For complex test scenarios (user with 100 orders, specific date distributions, edge-case data), SQL is orders of magnitude faster.

UPDATE: Modifying Test State

-- Set a user's password to expired (test expired password flow)
UPDATE users
SET password_expires_at = NOW() - INTERVAL '1 day'
WHERE email = 'testuser@automation.com';

-- Set an order to a specific status (test status-dependent logic)
UPDATE orders
SET status = 'shipped', shipped_at = NOW() - INTERVAL '2 hours'
WHERE id = 'order-001';

-- Simulate a user who has been inactive for 6 months
UPDATE users
SET last_login_at = NOW() - INTERVAL '6 months'
WHERE email = 'testuser@automation.com';

DELETE: Cleaning Up

-- Cleanup in reverse dependency order (child records first)
DELETE FROM line_items WHERE order_id IN (
    SELECT id FROM orders WHERE user_id = 'test-uuid-001'
);
DELETE FROM orders WHERE user_id = 'test-uuid-001';
DELETE FROM users WHERE id = 'test-uuid-001';

Why Dependency Order Matters

Foreign key constraints prevent deleting a parent record while child records exist. If you try to delete a user who has orders, the database will reject the deletion. Always delete in reverse dependency order: line_items first, then orders, then users.

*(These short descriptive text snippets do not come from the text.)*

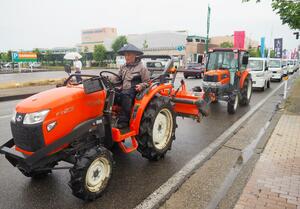 県内各地から集まった軽トラックとトラクターによるデモ行進=14日、長岡市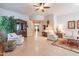 Spacious living room with two armchairs and a view into dining area at 12889 N 145Th Way, Scottsdale, AZ 85259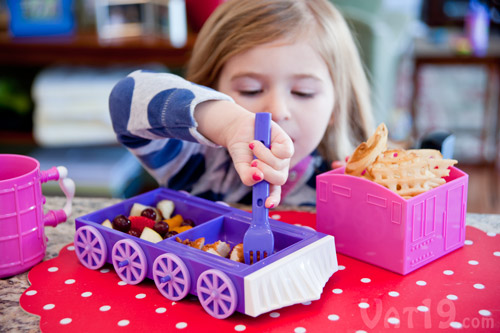Child eating from the Chew-Chew Train dinner set.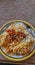 Plate of tasty biryani on table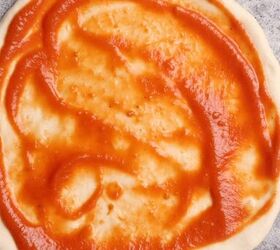 lamb sausage pizza with merguez, Pizza sauce added to shaped pizza dough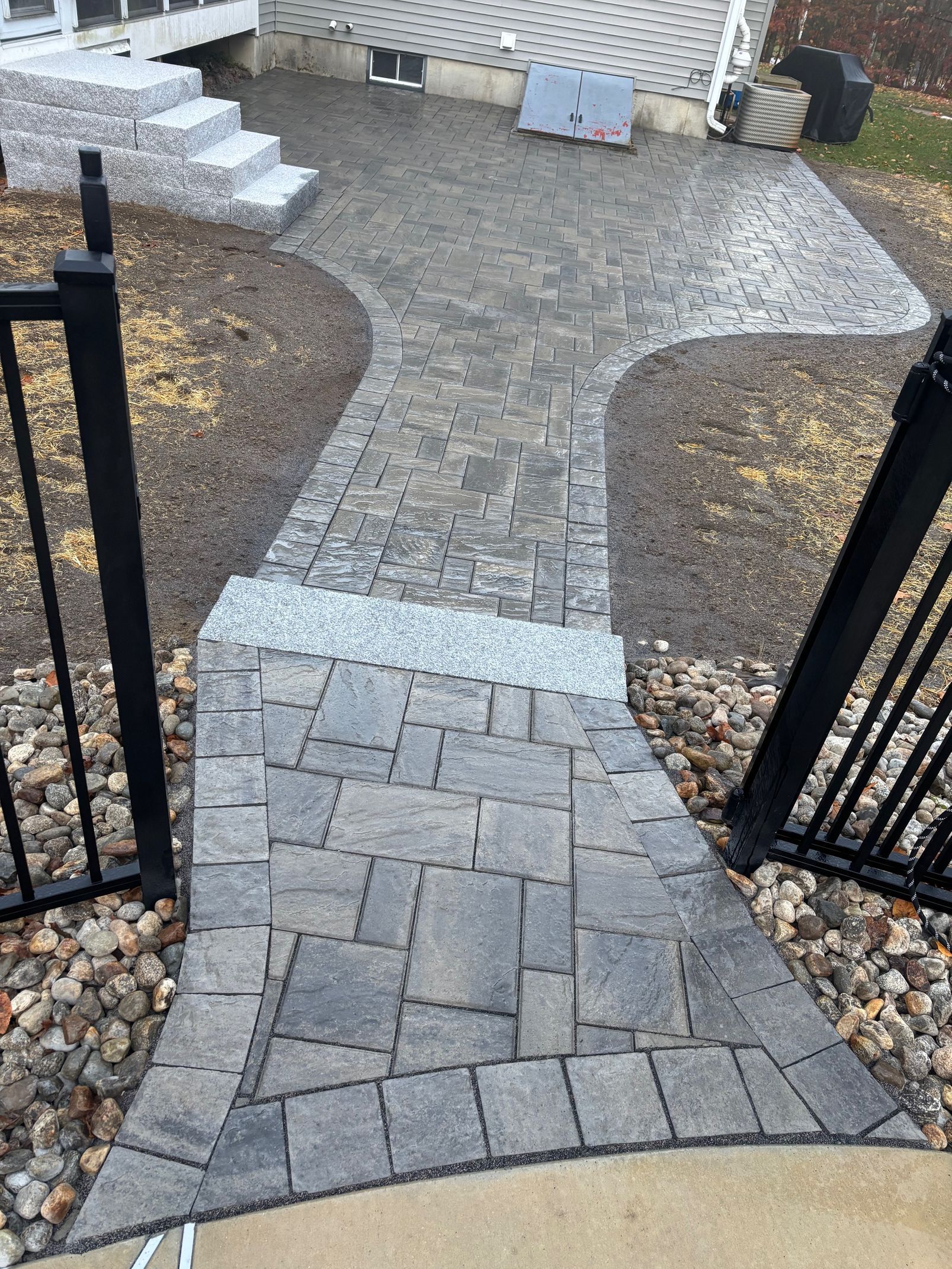 Stone walkway with steps leading to a yard, featuring dark grey pavers and a black fence.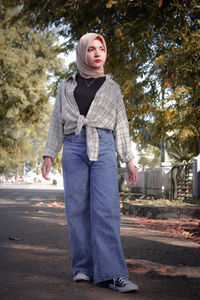 Portrait of woman standing on road in city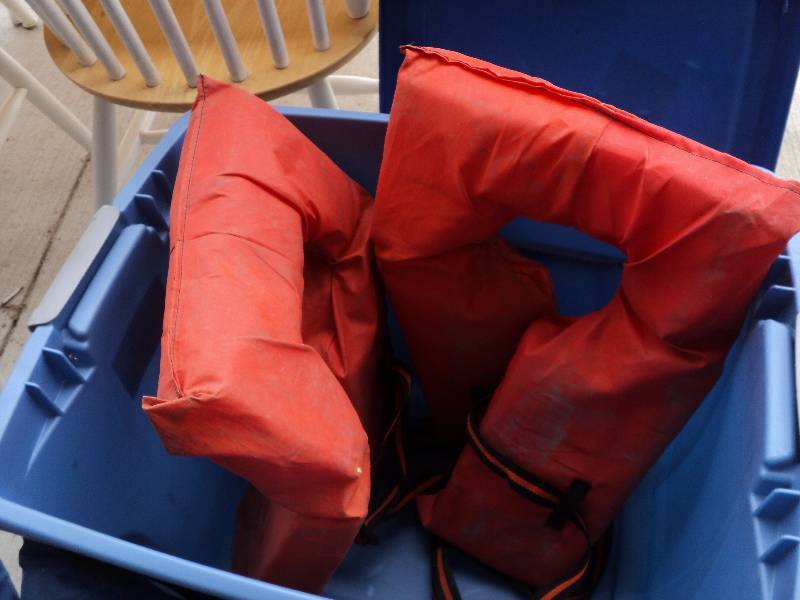 lot 69 image: tote full of life vests and throwab...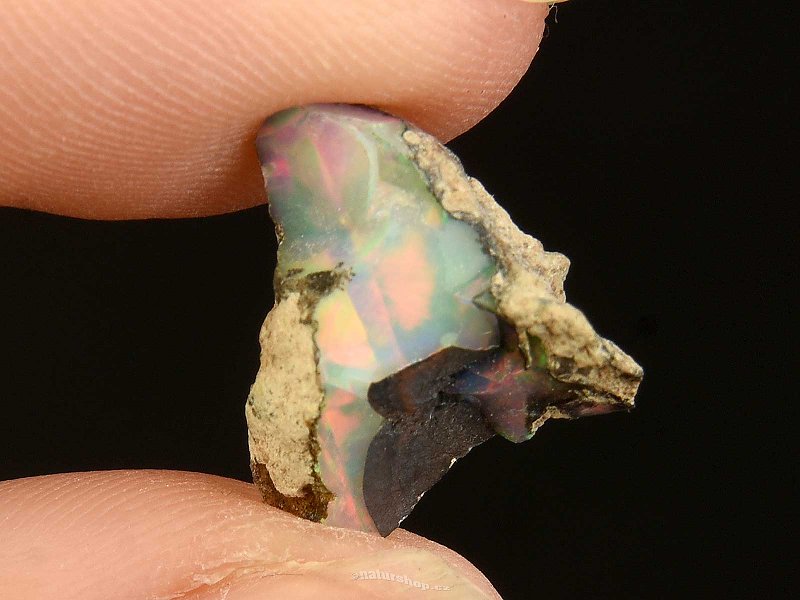 Expensive opal in the rock of Ethiopia (0.6g)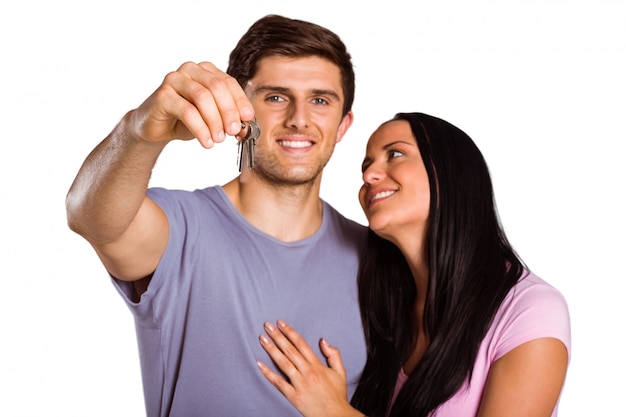 Young couple showing keys to house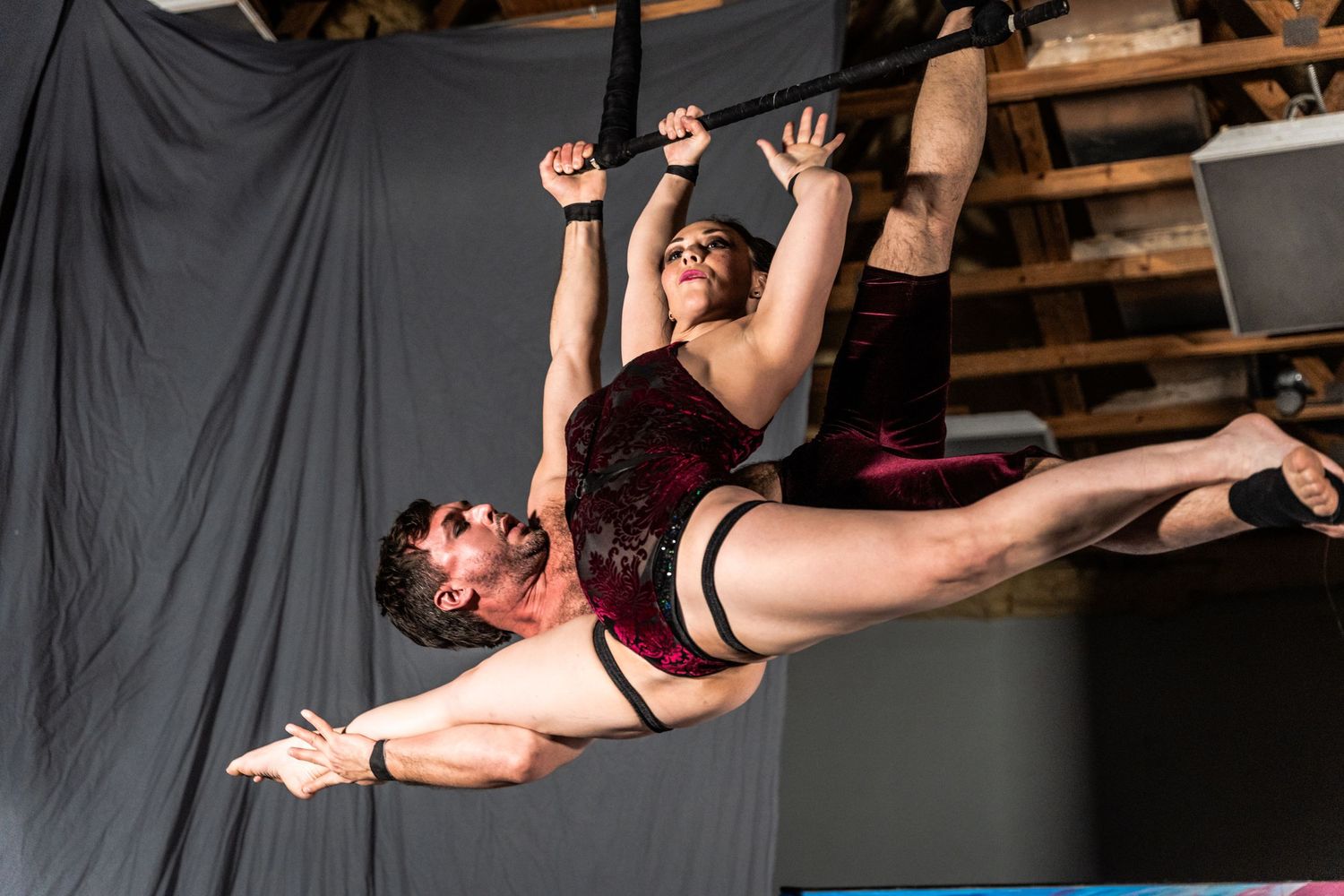 Two aerial performers in burgundy costumes execute a dramatic suspended pose during a dance routine.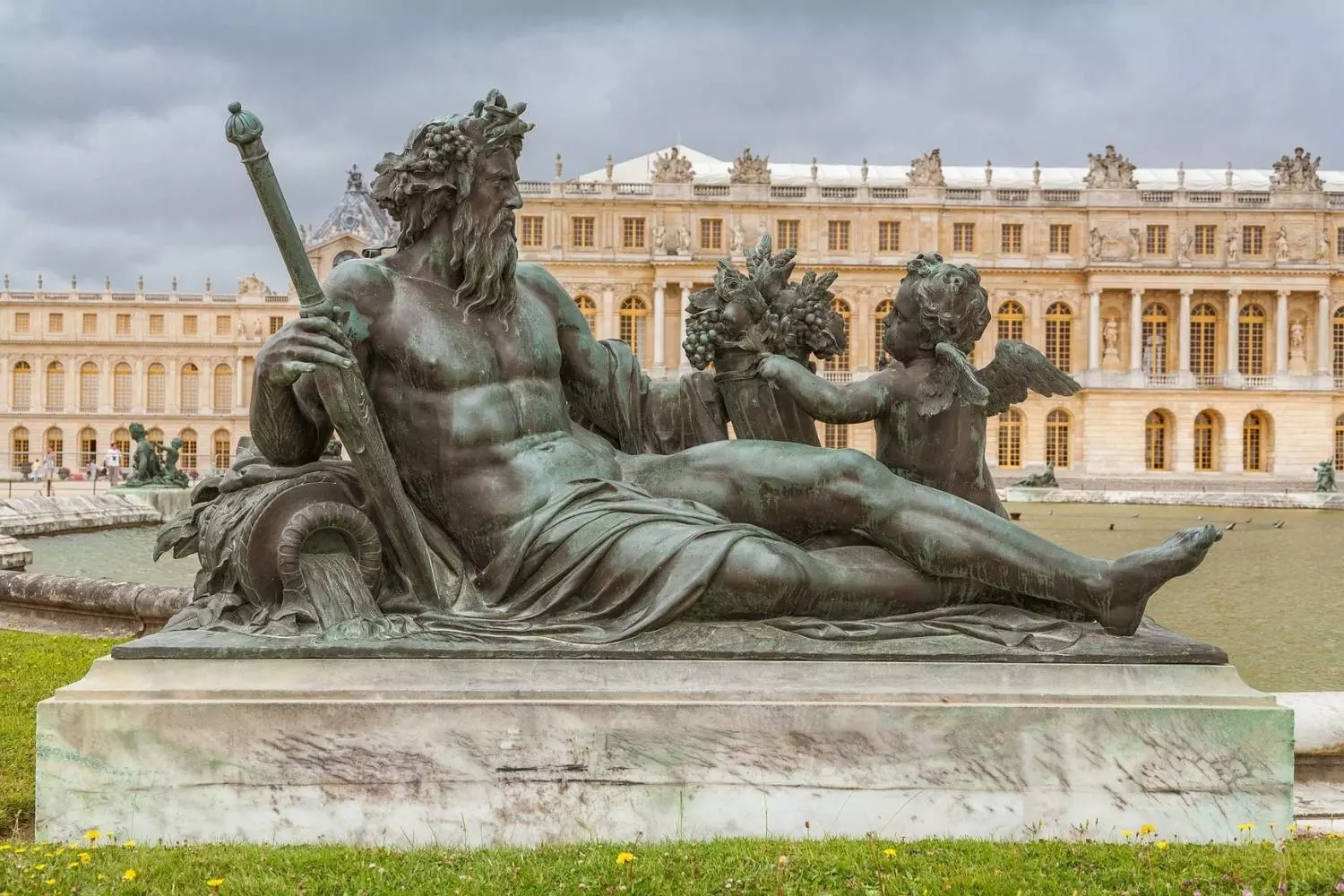 Statue en bronze d'un dieu fleuve allongé, devant la façade du château de Versailles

Transactions: The Safety Net

Transactions ensure that test data changes are atomic (all or nothing) and can be rolled back.

Transaction for Test Setup

-- Everything succeeds or nothing does
BEGIN;

INSERT INTO users (id, name, email, role)
VALUES ('test-uuid-002', 'Transaction User', 'txn@test.com', 'viewer');

INSERT INTO orders (id, user_id, status, total)
VALUES ('order-txn', 'test-uuid-002', 'pending', 50.00);

-- If either INSERT fails, ROLLBACK undoes everything
COMMIT;

Transaction-Based Test Isolation

The most powerful pattern for test data management: wrap each test in a transaction and roll it back afterward. The database returns to its original state after every test.

@pytest.fixture
def db_transaction(db):
    """Wrap each test in a transaction that rolls back."""
    db.autocommit = False
    yield db
    db.rollback()  # All changes are undone after each test

def test_user_creation(db_transaction, api_client):
    api_client.post("/users", json={"name": "Alice", "email": "alice@test.com"})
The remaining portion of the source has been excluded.